According to fig. 1, several satellites 1 are located in a lower orbit around the earth 4. These satellites 1 are preferably placed in orbit so that the entire constellation of satellites 1 provides continuous coverage over the entire earth 4. In addition to the satellites 1, the system 5 includes one or more controllers 6 disposed on the earth 4. Each controller 6 functionally corresponds to a central switching office 6 (or a gateway). For simplicity, each controller 6 is referred to simply as a "office 6". The office 6 is set up on the surface of the earth 4 and communicates with nearby satellites 1 via radio frequency communication links 8. The satellites 1 also communicate with each other via a data communication link 3. The station 6 provides communication coverage for an area of arbitrary size on the earth 4 by means of the constellation of satellites 1. The office 6 is connected to a public switched telephone network (not shown) through which requests for "calls to subscribers of the system 5" can be received.
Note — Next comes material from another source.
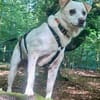 Coco, verschmust, freundlich, aktiv
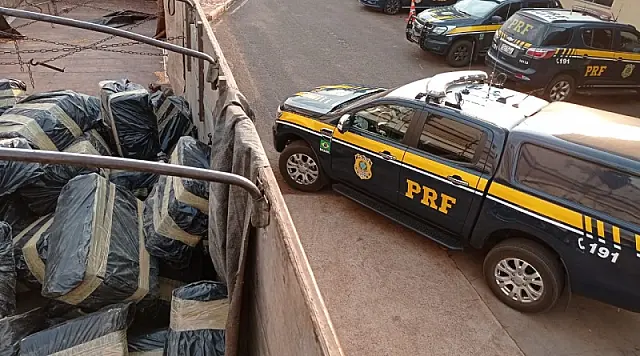 Polícia encontra 4,7 toneladas de maconha escondidas em carga de milho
Each office 6 receives a request to place a call to a subscriber believed to be located in an area of the earth 4 associated with that office 6. For convenience, only one office 6 is shown in fig. 1.
However, it should be clear to those skilled in the art that any number of offices 6 are possible for use in connection with any number of regions on the earth 4. It should also be understood that all offices 6 are capable of operating in a distributed or collective manner to communicate with a given office 6, which given office 6 forwards messages from all offices 6 to the constellation of satellites 1 in the system 5.
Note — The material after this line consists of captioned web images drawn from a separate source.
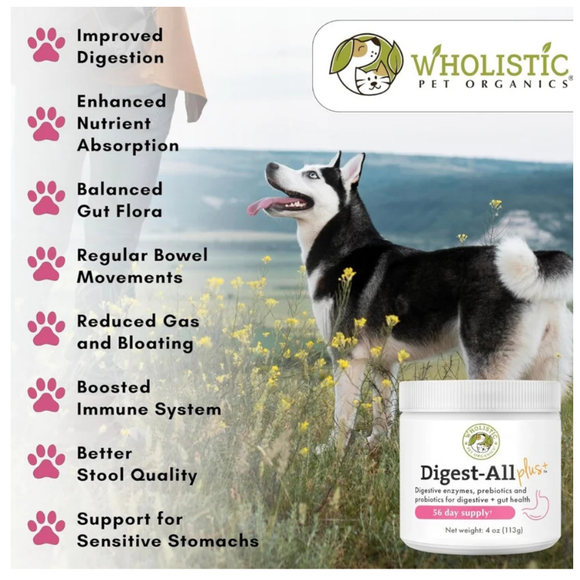 Wholistic Pet Organics Digest-All Plus for Dogs and Cats - Dog & Cat Digestive & Probiotics Supplements 2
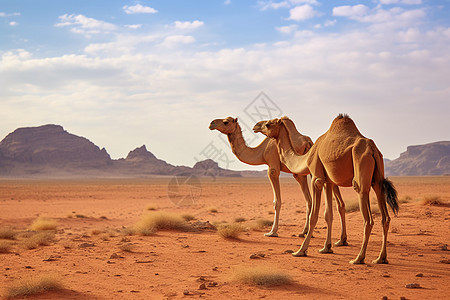 沙漠里的野骆驼图片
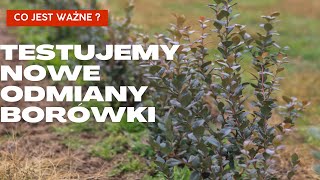 Testujemy nowe odmiany borówki Co jest ważne [upl. by Hagai]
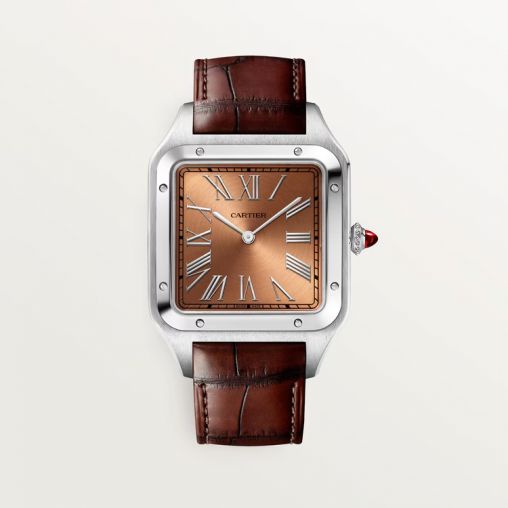 WGSA0113 Cartier Santos De Cartier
The system 5 also includes any number of potentially millions of Selective Call Receivers (SCRs) 2, such as pagers or other one-way portable units. The SCRs 2 are arranged to receive communications from the overhead satellite 1 via a communications link 7. These communication links 7 preferably employ Radio Frequency (RF) frequencies which are substantially suitable for line-of-sight communication, and the links 7 are simplex links. That is, communications are only transmitted unidirectionally from the satellite 1 to the SCRs 2. Simplex communication allows each SCR2 to be made into a low-consumption unit that consumes a small amount of energy. Simplex communication is not limited to links 3 or 8. Specifically, these links are used for "satellite-to-satellite" and "office-to-satellite" communications, respectively.
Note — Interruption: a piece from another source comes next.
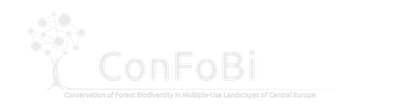 confobi tree logo with full text 4 5 1024x289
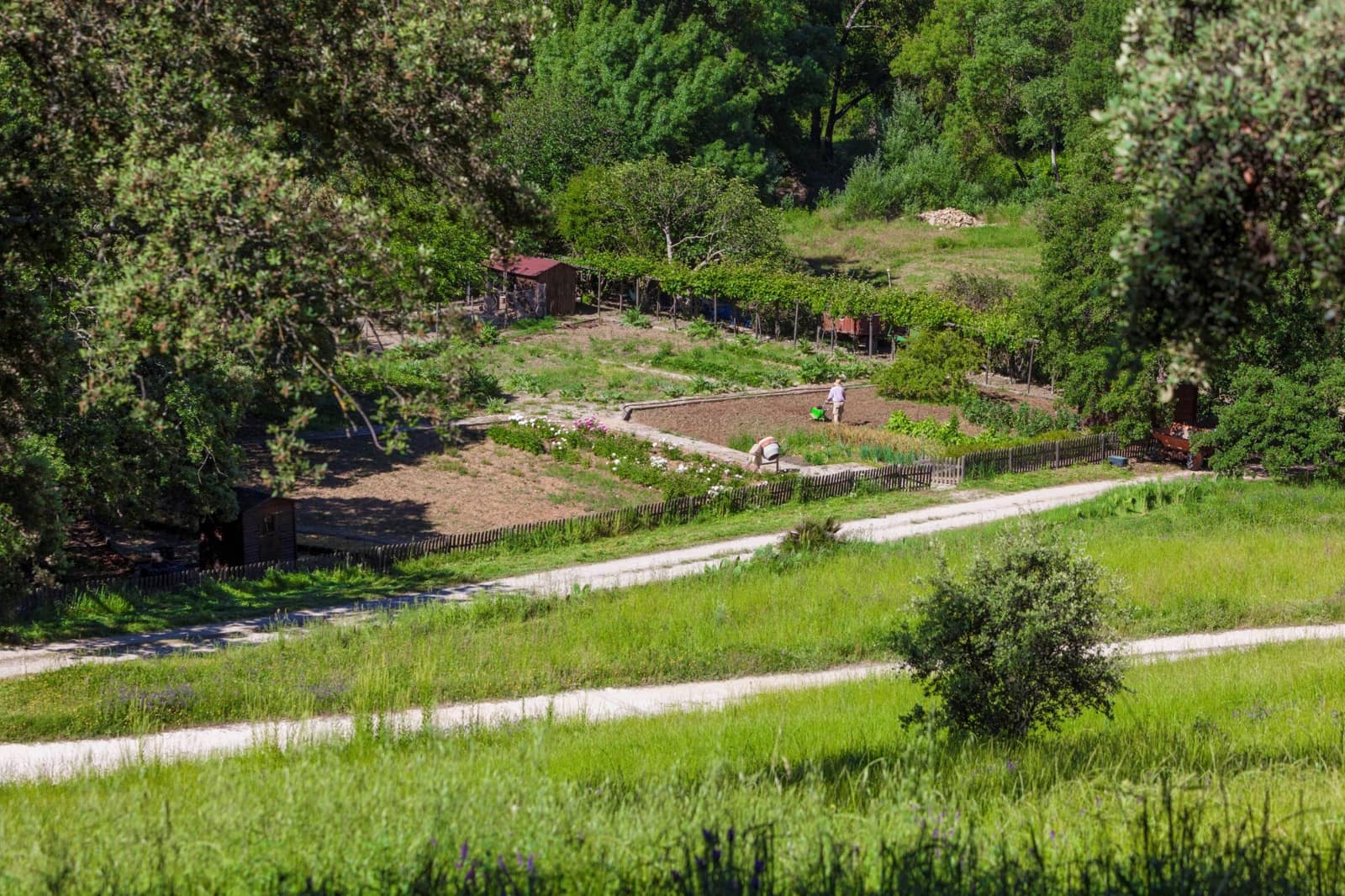 4 camera da letto Finca/Casa di Campagna in vendita in Gaucin con piscina - 3.950.000 € (Rif: 9392067)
Fig. 2 shows a timing diagram depicting a communication protocol 200 according to the present invention, this communication protocol 200 being applied by the system 5 for communication with the SCRs 2. During one communication cycle 202 (preferably having a duration of 194.4 seconds), the communication protocol 200 contains 9 block time periods 204 (each preferably having a duration of 21.6 seconds). Each block time period 204 is subdivided into a probe group message time period 206 followed by a message reception time period 203 which includes four message time periods 208. Preferably, each of the SCRs 2 is assigned to one of the 9 block time periods 204 for monitoring messages 218. It will be appreciated that alternatively each SCR2 may be assigned to one or more of the 9 block time periods 204.
The office 6 typically controls communications to a large area on earth 4. Specifically, the station 6 controls the transmission of the satellite 1 to a plurality of cell areas. Each cell area is part of a large territory associated with an office 6. In order to track the location of the SCRs 2 on the earth 4, users of the SCRs 2 must log onto their portable units when traversing between cell areas (e.g., cities) associated with different offices 6, or when traversing between large areas (e.g., countries) associated with different offices 6. Since the cell area associated with an office 6 is relatively large, users are not typically required to log on to the SCR2 during a particular regional stay.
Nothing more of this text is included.